文大統領は会談したいと言い、岸田首相は予定は無いと言っています。外交上会談する意思が有れば「早期の会談を希望する」と言います。「予定が無い」というのは、会う気が無いという事でしょう。
多分韓国外交部の無能な役人が、「首脳会談して輸出規制を元に戻すニダ」と交渉して来るんだと思います。
こういうのも観測気球と呼ぶのだろうか。
sqsq様
観測気球より願望気球では。
監獄回避説・・・。いつも思うんですが肝心の会談の「中身」は何にすると考えているんでしょうかね。菅さんの時から会談会談とストーカー行為の果てに・・・で「なに」を話したいのでしょうか。
輸出「規制」のことでしょうか、まさか「日韓スワップ」再開のことでしょうか。日本はすでに、韓国側から何も変わらないと気が付いているので、話すことはないでしょうね。
似たような話ニダ。
文大統領 欧州歴訪中にバイデン氏と会談の可能性=韓国大統領府
https://m-jp.yna.co.kr/view/AJP20211025004000882?section=politics/index
>韓国青瓦台(大統領府)高官はこの日、記者団に対し、歴訪中に韓米首脳会談が開催される可能性について、「G20やCOP26などで、どのような形であれ会う可能性があると予想する」と述べた。
「可能性があると予想する」ってなんだ。
> 「可能性があると予想する」ってなんだ。
ウケるw
つまり「何も決まっていない」って事ですね。
身動きの取れない赤(文)ちゃんって「可能性の塊」ですよね。
ベロベロバー
G7, オリンピックの日韓首脳会談の憶測記事に次いで第三弾ですか。懲りない方々ですね。

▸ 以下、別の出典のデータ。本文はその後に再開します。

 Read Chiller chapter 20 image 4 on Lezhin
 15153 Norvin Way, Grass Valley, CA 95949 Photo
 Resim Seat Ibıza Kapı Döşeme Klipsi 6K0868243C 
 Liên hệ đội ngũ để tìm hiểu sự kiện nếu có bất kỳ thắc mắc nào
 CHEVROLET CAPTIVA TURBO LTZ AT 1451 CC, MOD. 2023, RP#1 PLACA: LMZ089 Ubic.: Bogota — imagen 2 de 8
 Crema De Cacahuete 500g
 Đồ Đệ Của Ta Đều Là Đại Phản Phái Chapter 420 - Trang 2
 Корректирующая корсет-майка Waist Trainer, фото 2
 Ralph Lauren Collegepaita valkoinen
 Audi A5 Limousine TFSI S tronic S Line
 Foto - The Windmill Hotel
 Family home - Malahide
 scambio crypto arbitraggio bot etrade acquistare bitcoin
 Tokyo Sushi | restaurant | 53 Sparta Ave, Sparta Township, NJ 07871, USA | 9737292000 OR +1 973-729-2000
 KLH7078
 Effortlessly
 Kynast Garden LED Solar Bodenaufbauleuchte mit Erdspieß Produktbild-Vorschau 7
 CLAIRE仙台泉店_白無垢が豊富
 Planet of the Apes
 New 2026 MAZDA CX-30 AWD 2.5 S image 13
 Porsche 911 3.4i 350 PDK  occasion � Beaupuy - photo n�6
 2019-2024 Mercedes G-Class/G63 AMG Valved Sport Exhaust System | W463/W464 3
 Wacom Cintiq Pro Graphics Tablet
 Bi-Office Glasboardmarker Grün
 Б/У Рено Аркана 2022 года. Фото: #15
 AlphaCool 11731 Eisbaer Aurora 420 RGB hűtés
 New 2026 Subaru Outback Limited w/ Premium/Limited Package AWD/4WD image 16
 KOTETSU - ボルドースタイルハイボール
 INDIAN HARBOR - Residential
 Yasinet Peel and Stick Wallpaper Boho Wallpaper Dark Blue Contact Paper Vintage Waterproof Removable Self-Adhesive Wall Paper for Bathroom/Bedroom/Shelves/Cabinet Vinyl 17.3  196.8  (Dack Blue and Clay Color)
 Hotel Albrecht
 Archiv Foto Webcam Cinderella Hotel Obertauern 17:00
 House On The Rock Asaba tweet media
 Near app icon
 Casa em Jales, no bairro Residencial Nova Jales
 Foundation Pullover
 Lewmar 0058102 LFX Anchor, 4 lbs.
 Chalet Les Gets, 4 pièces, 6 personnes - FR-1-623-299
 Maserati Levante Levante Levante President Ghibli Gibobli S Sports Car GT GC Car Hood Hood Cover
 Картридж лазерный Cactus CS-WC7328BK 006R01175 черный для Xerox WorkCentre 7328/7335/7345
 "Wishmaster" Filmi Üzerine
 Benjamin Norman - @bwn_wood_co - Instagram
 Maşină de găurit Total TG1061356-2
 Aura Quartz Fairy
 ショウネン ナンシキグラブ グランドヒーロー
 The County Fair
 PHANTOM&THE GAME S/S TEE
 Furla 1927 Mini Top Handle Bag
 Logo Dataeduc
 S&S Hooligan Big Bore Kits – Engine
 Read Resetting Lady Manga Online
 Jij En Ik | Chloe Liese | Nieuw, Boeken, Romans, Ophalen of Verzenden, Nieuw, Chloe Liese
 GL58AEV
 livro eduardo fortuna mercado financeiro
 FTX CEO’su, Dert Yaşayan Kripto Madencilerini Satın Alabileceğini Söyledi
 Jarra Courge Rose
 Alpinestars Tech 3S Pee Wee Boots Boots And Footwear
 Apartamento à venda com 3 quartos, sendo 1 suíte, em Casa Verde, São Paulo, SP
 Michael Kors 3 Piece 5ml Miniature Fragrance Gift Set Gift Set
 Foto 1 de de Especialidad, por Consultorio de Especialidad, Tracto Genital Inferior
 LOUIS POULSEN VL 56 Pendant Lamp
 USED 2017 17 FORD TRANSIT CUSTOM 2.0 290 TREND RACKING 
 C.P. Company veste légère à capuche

岸田首相は所信表明演説で「わが国の一貫した立場に基づき韓国側に適切な対応を強く求めていく」と述べています。
つまり日本が受け入れることのできる解決法は韓国が持ってきなさいと述べているのに1ミリも応じないで、日本にとって何らメリットの無い日韓首脳会談を行いたいとは虫がよすぎます。
二代続いた韓国徹底無視を岸田さんも踏襲で決まりです。
2019年から本年にかけて石油等の製造原価が上がっているのに対韓輸出している輸出3品目の単価は下がっているようで不思議です。
日本企業が台湾等で製造しているフッ化水素始めとした半導体製造に必須の品目は世界の半導体不足も重なり価格高騰していてもおかしくないのですが?
価格面でも日本が製造原価の損を補てんして安価で売るようなばかな真似はやめましょう!
「可能性」って最後につければ、どんなヨタ話でも記事に書いちゃう国民性はクズです。
文大統領が2回目のバチカン訪問で北へのローマ法王訪問を企てている真っ最中ですが北にカトリック信者いるのかよ…と。
また、習近平はバチカン市国が中国と国交持ち大使館置かせてやる代わりに台湾と国交断絶しろとかぼんくら言ってます。
キリスト教徒もぜひ中朝韓なんてこんな奴らだと正確に知っていただきたいものです。
なんと言われようが徹底的に無視。
NoJapanでしょう? お嫌いなんでしょう、くらい言ってやりましょう
K国のことですから、首脳会談をやってもいないのに、「首脳会談したニダ、輸出規制を撤廃させたニダ」と発表してしまうことに、そろそろ注意した方が良いと思います。
韓国文大統領は岸田氏の脇の甘さに賭けているように思えます。誰に対してもいい顔をしたがる岸田氏が人に対して拒絶や無視をすることが難しい性格を攻めているような。総裁就任後の電話会談にしても、全く緊急性がなかったにもかかわらず会談し、韓国内でいいように報道された例もあるし、案外乗ってしまうように思います。2度だまされる者は3度でも、何度でもだませます。